Hinduism for me has evolved in many ways but continues to be a basis for my endless search for knowledge and truth. When I was younger, I would read passages from the Bhagavad Gita and tried to understand Arjun’s quest for righteousness and having to make difficult decisions against his own family. But all the while knowing that he must trust this path as he was guided by Lord Krishna. I even had a dream once where Krishna appeared and I remember feeling the power and presence of something magnificent. There are other deities (avatars/ascended masters) and some of my favorites are Ganesh, Laxmi and Hanuman. These different personas have humanlike characteristics, each showing qualities that we can learn within ourselves. Ganesh with his elephant head was known for his wisdom and playfulness. It is that balance in life that is necessary to stay grounded. Laxmi personifies wealth and abundance. She is also known for her sovereign power, which is important for each of us to develop along our path. Lastly, Hanuman is known for his strength and his loyalty. I learned from him the value in having both physical and mental strength to live optimally and what it means to be dedicated to what you truly believe. Having these deities as a personification of Oneness allows me to see the many qualities I can continue to develop on my spiritual path as I strive for transcendence.
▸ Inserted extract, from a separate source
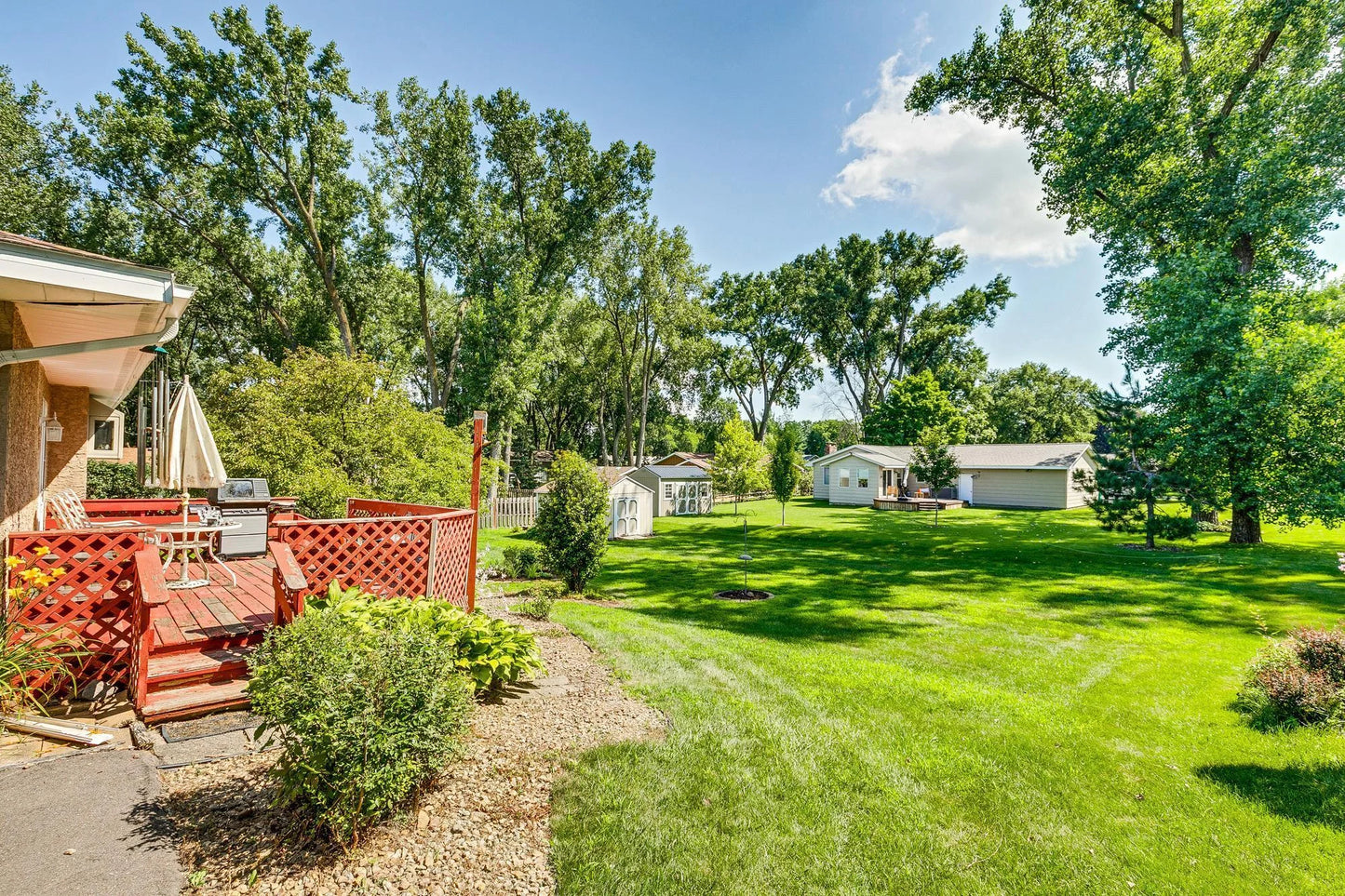 4244 Mcmenemy Street, Vadnais Heights, MN 55127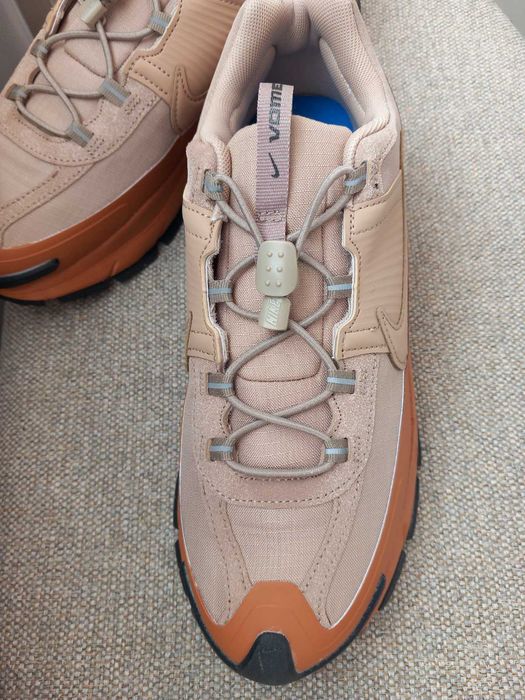 Nike Zoom Vomero 5 Roam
Reincarnation is a basic principle in Hinduism and I would often wonder what would happen when we died. If the soul is eternal and sheds many different bodies after each of its lifetimes, how does it keep going? What does it look and feel like after we die and are no longer in our body? Do we still get to be around our loved ones? Through my quest for these answers, I know that we are an active planner for each of the lives we live. We choose what our life circumstances will provide us with the lessons we want to learn. Oftentimes, people confuse the word “karma” with good or bad but they are merely the teachings we bring into each lifetime and the lessons we hope to gain in that life. During these lifetimes, we have planned who else will be a part of them and the roles each person will play. These souls often repeat lifetimes with each other, playing out different characters and roles to give each other the opportunity to grow and expand. Souls are connected to each other and they re-connect after each lifetime. This strong connection can often be felt when we meet someone and it instantly feels like we have known them forever.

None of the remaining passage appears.